I've always struggled to redefine my relationship with fitness.
As a child, my parents enrolled me in every sport imaginable to temper my constant bouncing-off-the-walls energy. With age, my whole persona was "the athlete"— competition motivating my love for fitness. But adulthood changed everything for me. I no longer had a coach, team, or scoreboard holding me accountable for getting that lift in or taking that run. Learning to appreciate my monogamous relationship with the gym was tough, but group spin, Pilates, and yoga classes helped me to evolve.
Through it all, though, falling in love with at-home fitness has been the hardest spark to ignite.
Under my parents' roof, I spent four weeks on low-energy autopilot: eating, drinking, binging Netflix and TikTok, sleeping, repeat.
We're all adjusting to this new normal simultaneously — you know what endless rainy days, little to no social interaction, and anxiety over the unknown can do to one's mental state and overall drive.
It was a FaceTime conversation with my brother that motivated me to exercise again.
As big brothers do, he bet that I couldn't do a push-up. The competitor in me didn't hesitate to drop down — but the gymless version of myself failed to push off the floor.

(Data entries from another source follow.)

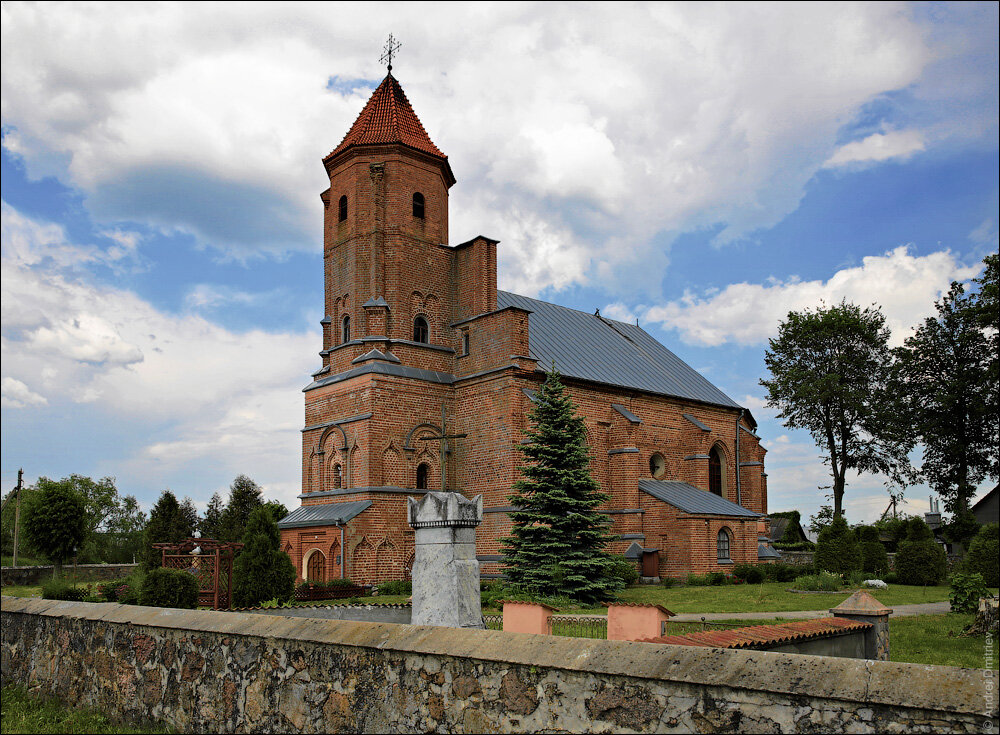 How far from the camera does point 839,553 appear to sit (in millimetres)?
28375

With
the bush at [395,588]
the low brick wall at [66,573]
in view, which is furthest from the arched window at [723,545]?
the low brick wall at [66,573]

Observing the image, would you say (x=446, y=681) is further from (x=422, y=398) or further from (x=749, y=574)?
(x=749, y=574)

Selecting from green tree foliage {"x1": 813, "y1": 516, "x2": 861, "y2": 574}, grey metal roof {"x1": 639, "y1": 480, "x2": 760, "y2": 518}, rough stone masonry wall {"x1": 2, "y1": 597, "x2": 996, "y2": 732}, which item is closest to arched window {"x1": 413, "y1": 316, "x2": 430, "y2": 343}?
grey metal roof {"x1": 639, "y1": 480, "x2": 760, "y2": 518}

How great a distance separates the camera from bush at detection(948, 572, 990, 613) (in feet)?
53.0

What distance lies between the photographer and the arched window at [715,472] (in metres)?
35.4

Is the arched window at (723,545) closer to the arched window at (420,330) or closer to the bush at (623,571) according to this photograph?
the bush at (623,571)

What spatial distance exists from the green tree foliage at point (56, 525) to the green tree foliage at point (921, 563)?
36169 millimetres

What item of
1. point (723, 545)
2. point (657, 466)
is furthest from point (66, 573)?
point (723, 545)

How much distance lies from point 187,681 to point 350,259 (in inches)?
927

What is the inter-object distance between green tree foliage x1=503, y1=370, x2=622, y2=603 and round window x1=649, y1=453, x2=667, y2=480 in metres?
9.71

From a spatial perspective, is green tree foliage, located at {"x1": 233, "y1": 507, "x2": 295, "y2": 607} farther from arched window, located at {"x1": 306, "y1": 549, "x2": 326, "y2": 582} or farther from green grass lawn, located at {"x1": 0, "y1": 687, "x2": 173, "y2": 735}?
green grass lawn, located at {"x1": 0, "y1": 687, "x2": 173, "y2": 735}

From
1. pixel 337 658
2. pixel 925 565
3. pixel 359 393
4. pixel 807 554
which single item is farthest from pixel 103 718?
pixel 807 554

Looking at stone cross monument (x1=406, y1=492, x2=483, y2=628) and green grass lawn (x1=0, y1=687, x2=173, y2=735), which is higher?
stone cross monument (x1=406, y1=492, x2=483, y2=628)

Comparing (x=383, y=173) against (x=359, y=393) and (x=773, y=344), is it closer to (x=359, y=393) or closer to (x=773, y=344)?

While we both got a good laugh out of my massive fail, that moment was the perfect metaphor for how I was feeling overall: weak and a bit ridiculous.
It was that moment that I craved strength — both mentally and physically.
Like any good athlete, I decided to strategize. I needed to set realistic goals for myself so I could celebrate my small wins rather than get discouraged by lofty expectations.
After completing one, I was warmed up and amazed by how fast the time flew. So, I committed to one more — and before I knew it, I completed a 30-minute workout and felt great.
Committing to one YouTube channel has presented its own set of benefits, too. Now that I'm familiar with Brown's videos, I've been able to customize my own routine.
In my computer notes, I created a "workouts" tab. Monday, Wednesday, Friday, and Sunday are dedicated to two ab workouts, two leg workouts, two arm workouts, and two butt workouts — each one being five minutes.
Without thinking, I press a link, get through a video, and continue to the next. I'm no longer wasting time endlessly scrolling for a new circuit.
For anyone skeptical about how effective a five-minute workout can be — I challenge you to give Brown's videos a try.
Her Pilates technique is all about stretching as you tone. Since she focuses on specific body parts in each video, you can prioritize the muscles and joints you want to strengthen and loosen.
There is a lot of power in being able to change your mental and physical well-being in a matter of minutes — a lesson I will carry with me far beyond this time of social distancing.